L’épuisement professionnel est une réalité dans le monde du travail et il a ses conséquences sur la vie familiale et sociale.  partout. Le site Burnout.ch donne cette définition: « Burnout (épuisement professionnel) est un terme générique désignant un état de fatigue émotionnel, mental et physique caractérisé d’un manque de motivation et de performance après des mois ou voire des années de surmenage, de surenchère; c’est un cercle vicieux. »

Combien des faillites ont été causées par ces burnout? Faire faillite c’est, dit le dictionnaire, ne pas être à la hauteur. Le sentiment de faillite génère un sentiment de honte. La honte sépare des autres et isole. Elle exclue de vivre bien ensemble.

Comment changer cela?

Quel est le degré de liberté dont nous disposons pour aménager nos espaces-temps de travail? Innover dans le monde du travail n’est pas si facile, parce que les traditions ont du poids.

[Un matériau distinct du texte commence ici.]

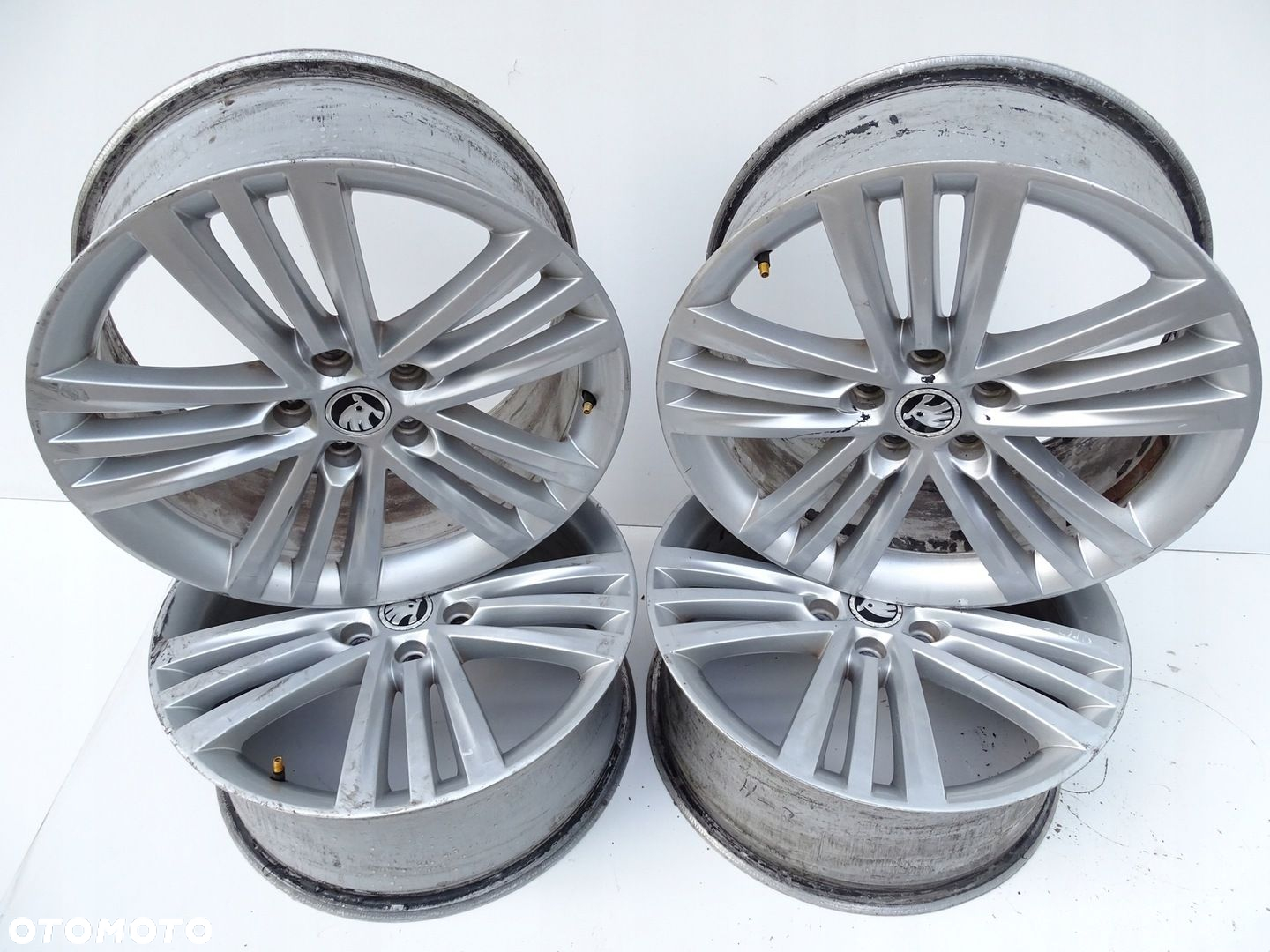 ALUFELGI FELGI 18 5x112 SKODA SUPERB II LIFT OCTAVIA III 3T0601025T ET46 - 2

Dans notre ong, nous avons des canapés pour nous installer confortablement, des matelas pour faire la sieste, une tablette pour regarder des films et nous organisons librement mais en équipe notre temps de travail. Peut-être aurez-vous envie de dire comme quelques autres: « Comment? vous n’avez pas d’horaires fixes? Vous permettez à vos bénévoles de faire la sieste? Vous ne contrôlez pas leur temps de travail? Vous êtes sûrs que c’est sérieux? ».

Imprévisible mais visible!

Mais peut-être aussi y verrez-vous une réalité autre: celle d’un espace, d’un temps, où nous nous travaillons beaucoup, mais en respectant notre rythme, nos coups de fatigue, nos rhumes, les chagrins et les deuils que nous avons à traverser comme nos jours d’hyperactivisme! L’enthousiasme efficace avec lequel les personnes déplacées dans les camps s’engagent avec nous et créent de nouveaux projets économiques à dimensions humaines suffit à raconter combien notre vision du travail est productive: elle produit de la chaleur humaine, le sens des responsabilités ensemble, l’engagement pour une vision. C’est visible et mesurable.

Mais ce n’est pas prédictible. Car cela prend du temps et que le facteur humain nous enlève la maitrise sur le cours des affaires et que ce n’est pas garanti à vie.

Retrouver la fierté d’être quelqu’un

Les personnes avec Epiceries apprennent à se remettre de leur angoisse face aux pertes qu’elles ont subi et à surmonter la honte de ne pas avoir été à la hauteur. Elles apprennent peu à peu à retrouver la fierté d’être quelqu’un, le désir de changer les choses, et le courage de le faire.

En Suisse, la peur de l’échec, la pression de devoir réussir et la honte de ne pas avoir réussi sont des sentiments si grands qu’ils paralysent de nombreuses personnes. Et l’aune de la réussite, c’est l’argent. Qui en a, a bien fait les choses. Qui en manque a failli. Exclu de parler de problèmes d’argent . Et pourtant, dans l’intimité, c’est un sujet omniprésent.

Nous cherchons avec toutes ces personnes des pistes pour transformer toute cette énergie perdue à cacher le manque, la souffrance, la honte, en énergie positive, de cette énergie qui donne le goût de vivre.